Nesta longa conversa entre Anayde Beiriz e Valeska Asfora, as cartas surgem como missivas das impressões da personagem sobre suas próprias emoções, tão racionalizadas quanto poéticas; tão marcadas pela esperança como pela desilusão; tão humanas que jazem, nas perguntas em forma de cavalo-marinho(?), o porquê da voz desta mulher não vir à lume por tantos anos. Nos contos e nos poemas, impressos no capítulo cinco, uma trajetória literária é interrompida pelo conjunto sucessivo de mal-entendidos e de enrascadas, resultado da vigilância política e do conservadorismo retratado de forma embrionária no primeiro capítulo. E tendo esta lembrança em mente, os fatos vivenciados como uma crônica policial no capítulo final são ainda mais dolorosos: vê-se o esmaecimento de Anayde Beiriz mediante os fatos políticos que culminaram na morte dos dois Joões e a perseguição que ela própria sofreu. Fatos descritos com correção, objetividade e ritmo fazem de “Anayde Beiriz – a última confidência” um romance entre o policial e o histórico (embora não seja um livro de ficção); uma crônica investigativa e psicológica que vai ao cerne das motivações, entre a vida, a morte e o teatro (“com especialidade o dramático”); para muito além do contexto mórbido e das bandeiras de sangue: algumas lições à luz do dia sem esquecer que a noite sempre vem.

E é com esta impressão final e definitiva que o livro nos deixa. A perseguição a Anayde Beiriz lembra, em muito, os tempos sombrios sobre os quais recai a sombra sempre densa e rude do fascismo disfarçado do pior e mais abjeto conservadorismo político. Aqueles fatos que culminaram na perseguição aos perrepistas, do incidente contra João Pessoa e as muitas “fake news” que correram contra supostos inimigos políticos são um retrato de um 1930 que não parece tão distante assim. A aparente “ousadia” de Anayde Beiriz, nas letras, nos costumes e em sua presença apenas se somou aos motivos que tiveram para persegui-la até seu enclausuramento e a posterior morte.
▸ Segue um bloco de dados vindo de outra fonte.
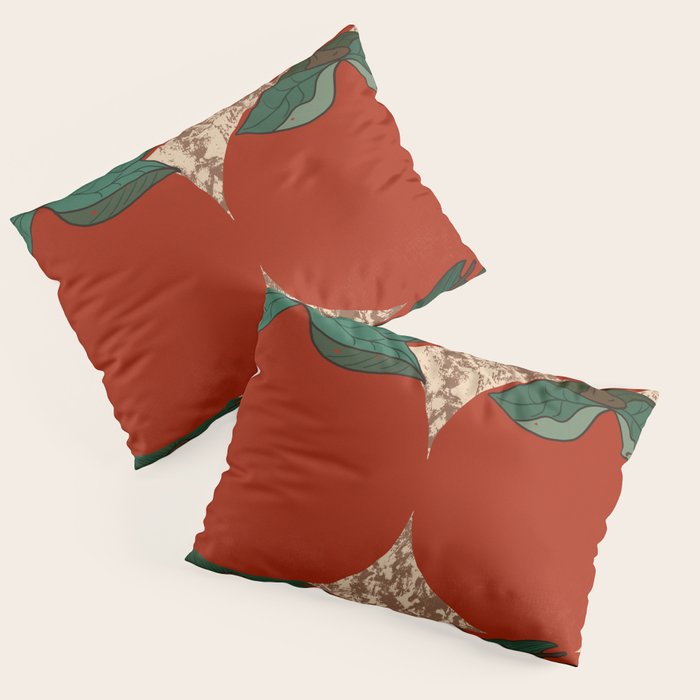 Red fruit arrangement Pillow Sham Gallery Image 3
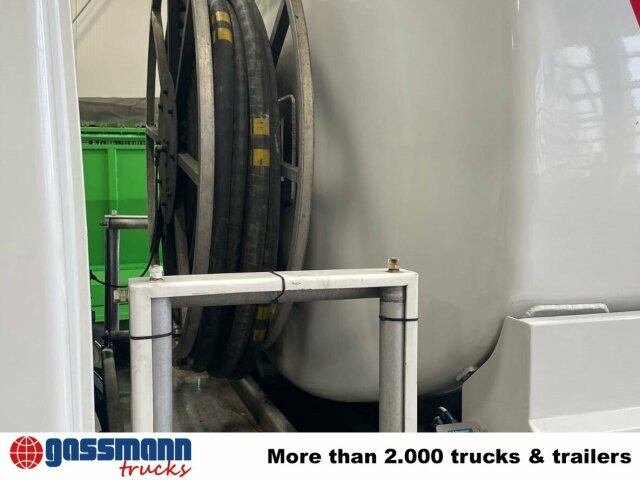 Mercedes-Benz Actros 1844 L 4x2, Tank 14.250l - 유조트럭 : 사진 5 Mercedes-Benz Actros 1844 L 4x2, Tank 14.250l - 유조트럭 : 사진 5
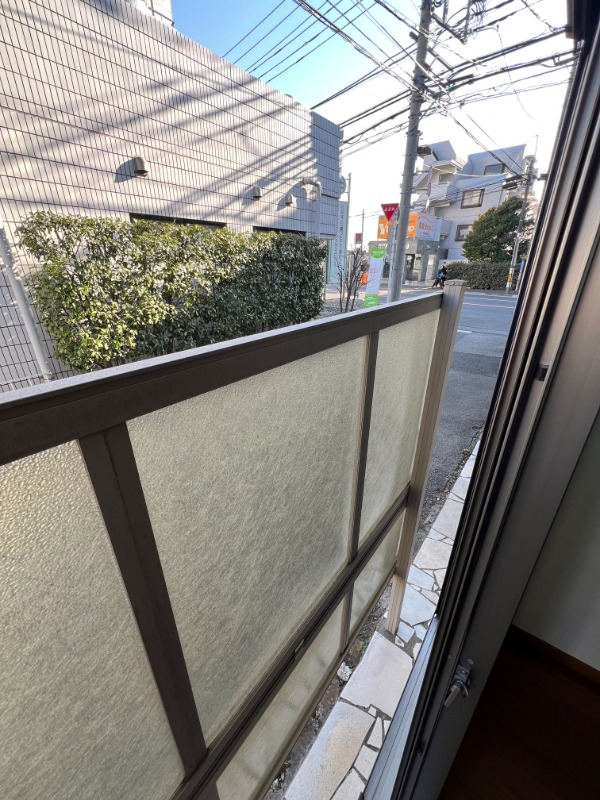バルコニー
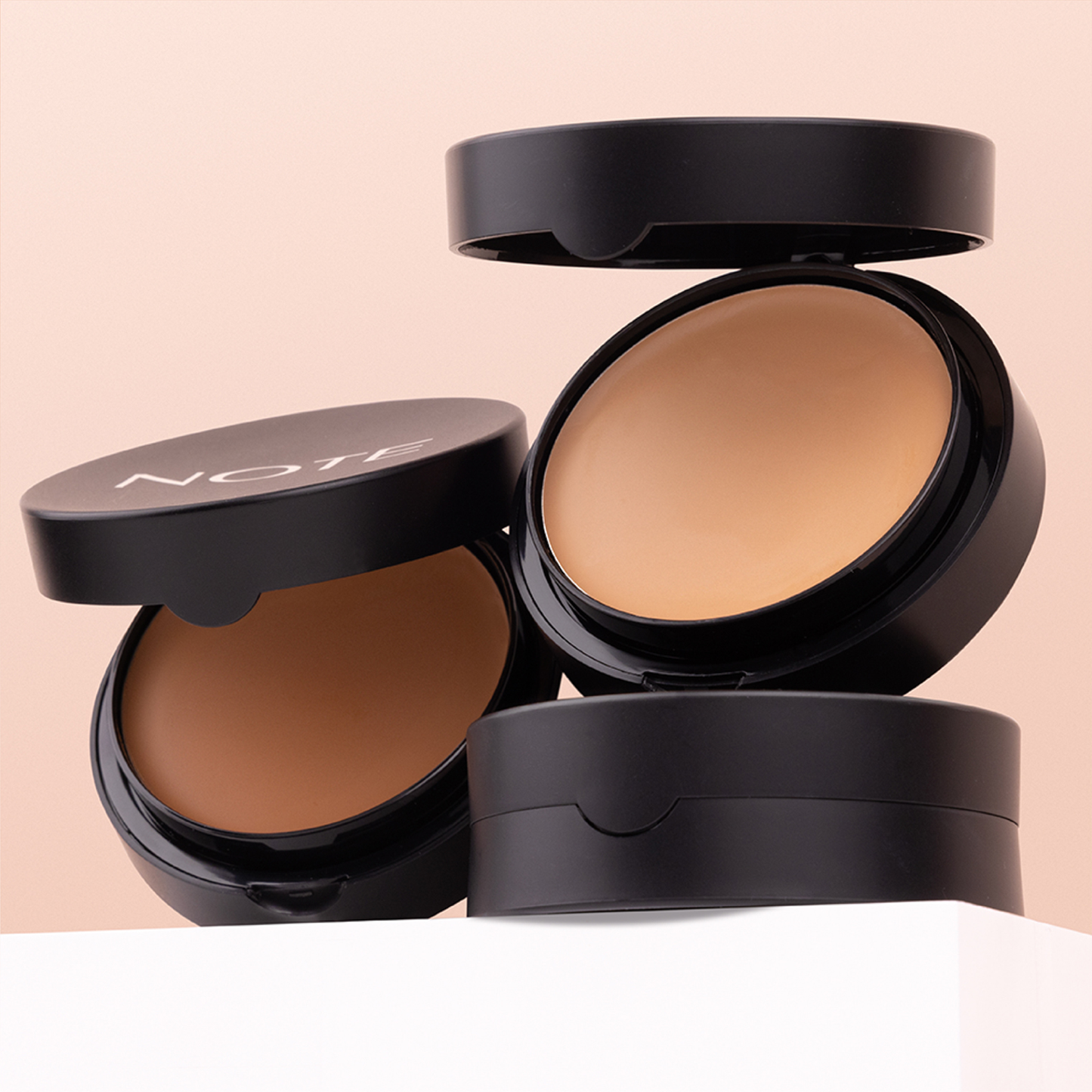 Luminous Silk Cream Powder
Vê-se, entretanto, nos olhos da chamada “Pantera de Olhos Dormentes” (título de um dos seus contos), uma personagem que fala; e, em suas últimas confidências (poema de Vicente de Carvalho, preferido da personagem), nas palavras e no diálogo certeiro com a autora, algumas lições podemos tirar à luz dos tempos:

“A ‘adorável cidade dos Jardins’ onde Anayde Beiriz quis e ousou viver já não existe, a História seguiu seu rumo. E nesse tempo muitos escutaram, e ainda escutam, os coturnos em marchas pelas ruas, e percebem os olhares do ódio por trás das janelas. São pesadelos impostos em noites de escuridão por aqueles que não suportam a luz.” (ASFORA, 2022: 265)

REFERÊNCIA:

ASFORA, Valeska. Anayde Beiriz – a última confidência. João Pessoa: Editora A União, 2022.